Brockmöller: Ja, so ist es. Da geht manchmal die Rezeption und das, was sich in der Theologie entwickelt, nicht ganz parallel. In der Theologie und auch in kirchenamtlichen Dokumenten ist eigentlich schon längst klar: Das Erste Testament, das Alte Testament, ist die Schrift des Jüdischen Volkes mit ihren Eigenheiten und die christliche Interpretation ist eine Relecture. Und die bezieht sich dann an dieser Stelle auf die Septuaginta-Fassung. Ich glaube, dass man daran nicht die ganze Dogmatik hängen kann.
"Ich gehe davon aus, dass viele diese Bibel lesen werden"
Florin: Wie groß ist der Markt für solch eine Bibel, wer kauft die?
Brockmöller: Wenn sie das wüssten, würden sich einige freuen. Man hofft natürlich, das die Leute sich das kaufen werden. Es wird auch der Text sein, der vom Advent des kommenden Jahres an in der Liturgie eingeführt wird. Ich gehe davon aus, dass viele die Bibel lesen werden, die sich dafür interessieren, was sich verändert hat und wie der neue Text so ist. Das wird dann auch der Text sein, der in die Schulbücher kommt. Das wird eine gewisse Zeit dauern, aber dann wird es die Einheitsübersetzung sein.
Florin: Näher am Urtext sei diese Einheitsübersetzung, das sagte der Leiter des Projekts, der frühere Bischof Wanke.

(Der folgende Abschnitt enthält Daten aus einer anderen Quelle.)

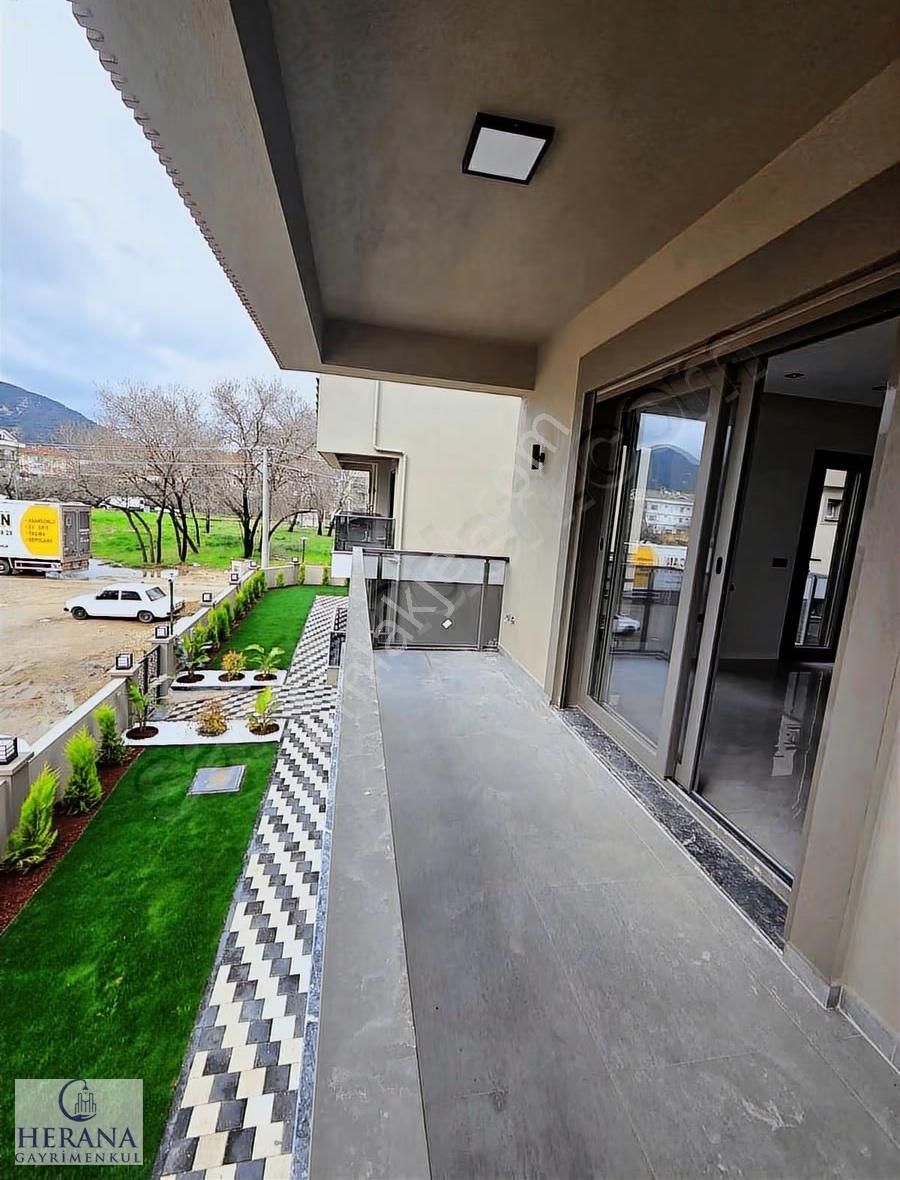Merkezi Konumda Yapımı Yeni Tamamlanmış Kaliteli Şık Daireler - Görsel 17
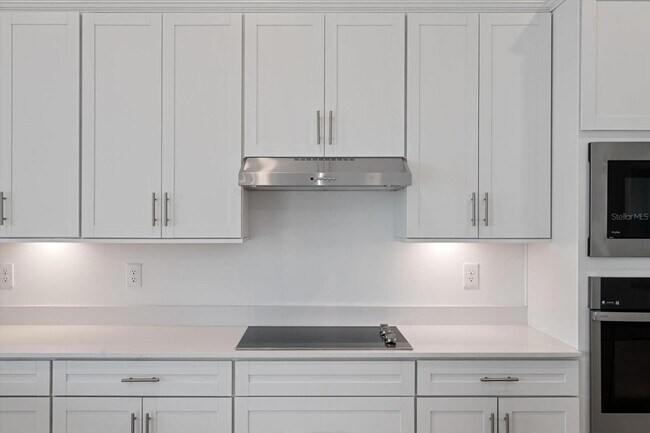 Building Photo - 17118 Jadestone Ct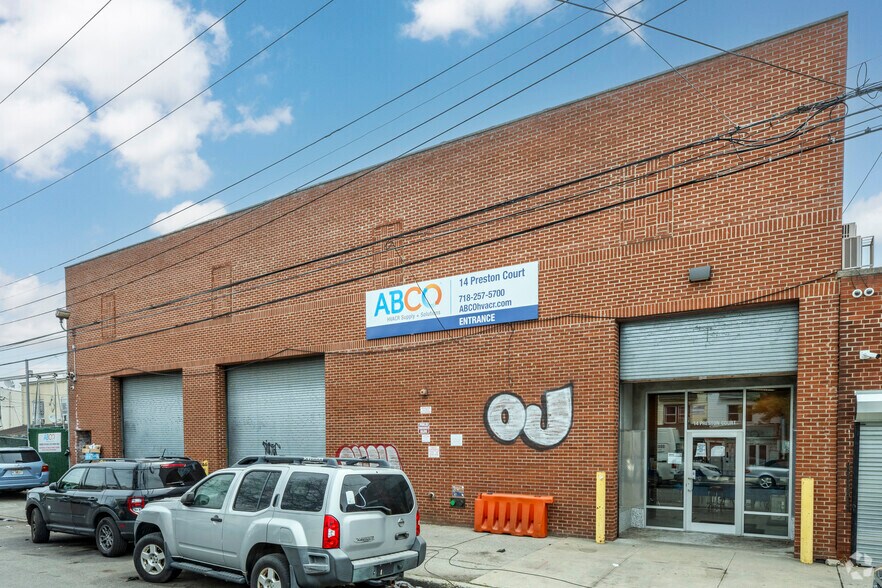 18-22 Preston Ct, Brooklyn, NY for lease - Building Photo - Image 2 of 5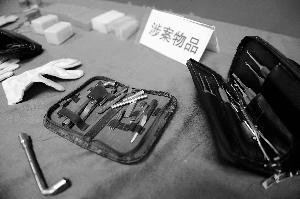 犯罪嫌疑人使用技术开锁工具入室盗窃。信息时报记者 萧嘉宁 摄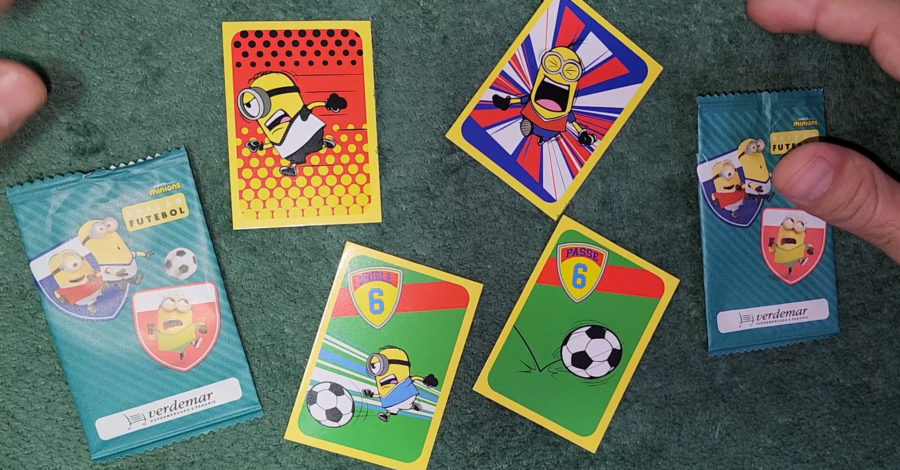 ABRINDO PACOTINHOS DE CARD DOS MINIONS EDIÇÃO FUTEBOL
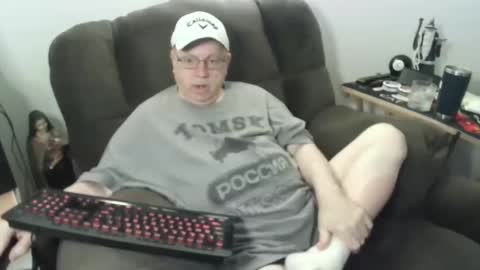 Snapshot of jpmel99 chatting on October 2025 12:43:02 AM jpmel99 online show from October 2025 12:43:02 AM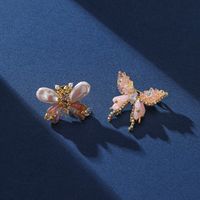 Elegant Butterfly Baroque Pearls Copper Women's Brooches main image 1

Ist das ein "Biotrend", der auch irgendwann wieder abgelöst werden kann?
Brockmöller: Nun ja, das sind immer diese zwei Pole in der Frage, wie man übersetzt. Geht man sehr nah an den Wortlaut oder geht man mehr auf die dynamische Äquivalenz und schaut, wie die Texte wirken? Da glaube ich, gab es schon den Trend, näher an den Sprachgebrauch zu kommen und mehr den biblischen Ton und die Methapern zu holen, weil in der Einheitsübersetzung sehr viel "Slang der 1970er" drin war. Das hat man sprachlich korrigiert, und in diesem Zug ist man dann nochmal näher auf die Ursprungssprache zurückgegangen. Mit allem, was das bedeutet, wird es nochmal eine Herausforderung.
Florin: Was glauben Sie: Wie lange wird dieser Trend halten? Nochmal mehr als dreißig Jahre wie bei der bisherigen Einheitsübersetzung?

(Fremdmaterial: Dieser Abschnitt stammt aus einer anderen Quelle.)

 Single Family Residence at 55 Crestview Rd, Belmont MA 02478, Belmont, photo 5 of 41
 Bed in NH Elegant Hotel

Brockmöller: Ich glaube, dass es sich ausdifferenziert. Wir haben da jetzt einen Text. Und man weiß, das Textverständnis ist etwas, das in bestimmten Milleus ausgebildet ist und in anderen weniger, so dass Texte, die Leute dann auch lesen, sicher noch etwas dynamischere Übersetzungen brauchen oder einfach leichtere Übersetzungen. Vor allem bei den Psalmen, bei poetischen Texten ist das ein Thema.
Florin: Das sagt Katrin Brockmüller vom Katholischen Bibelwerk. Die neue Einheitsübersetzung wird Anfang Dezember erscheinen.